As it happens, the definition of statistical relevance is from philosophy (bear with me). The property *C* is statistically relevant to *B* within *A* if and only if *P(B, A&C)* does not equal *P(B, A-C)*. The definition is then used in combination with a partitioning of *A* via a property *C* to create a model that states that if *P(B, A&C) > P(B, A)* then *C* explains *B*. It’s a model trying to define what constitutes a “good” explanation.

We can say that “copper (*C*) is statistically relevant to things that melt at 1083 degrees Celsius (*B*) within the class of metals (*A*)”. Considering the definition, we have that *P(B, A&C) = 1* (it melts at 1083 and is copper) and, given that no other metal melts at 1083 degrees, *P(B, A-C) = 0* (it melts at 1083 and is a metal that is not copper), which implies statistical relevance.

Note that property *C* in the above example partitions the reference set *A* with *(A&C)* and *(A-C)*, and *P(B, A&C) = 1 > P(B, A)* (since copper is the only metal that melts at 1083, and there are currently 86 known metals, the probability that it melts at 1083 and is metal is 1/86). Therefore, using this model of a good explanation, we can say that it melts at 1083 degrees because it is copper (or, following the language in the model, that it is copper explains why it melts at 1083).

**Correlation is not causation**

What I’ve found is that people familiar with this definition from philosophy use “*A* is statistically relevant to *B*” to mean two things: (i) *A* is related to *B* (correlated), (ii) *B* is explained by *A* (causal). The definition supports (i), but I believe they’re using it incorrectly in (ii) with the model of a good explanation in mind (which, by the way, is by a researcher named Salmon).

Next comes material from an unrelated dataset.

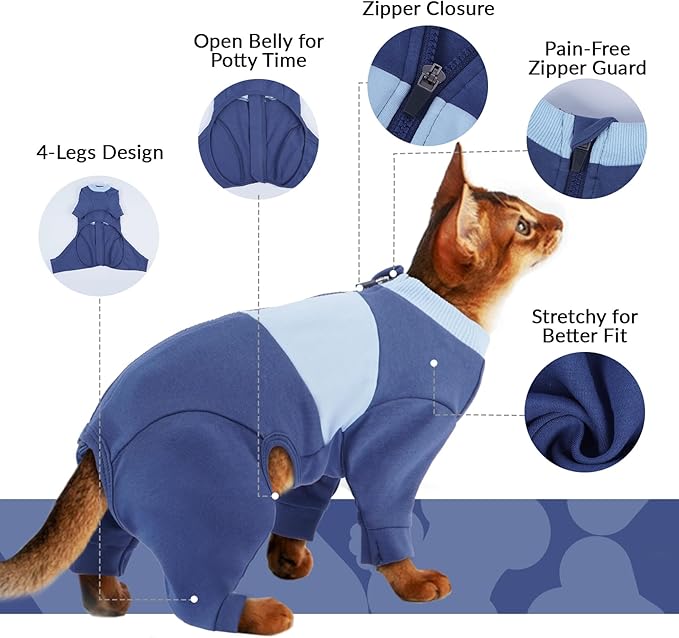 QBLEEV Cat Clothes, Soft Cat Sweaters for Cats Only, Kitten Surgery Recovery Suit Onesie Pajamas, Four Legs Cats Shirts Apparel Clothing for Hair Loss Prevention, Blue, XL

I’m no philosophy major, but I think it’s safe to say that the terms statistically relevant should not be confused with statistically significant. Extremely low probability events can be statistically relevant, and since it’s not saying anything more than “there’s a slight correlation”, it’s not really saying all that much in the context of statistics. Terms such as practical significance, or practical relevance, seem appropriate in the contexts described above, but avoid using statistically relevant unless you, and your readers, know the definition.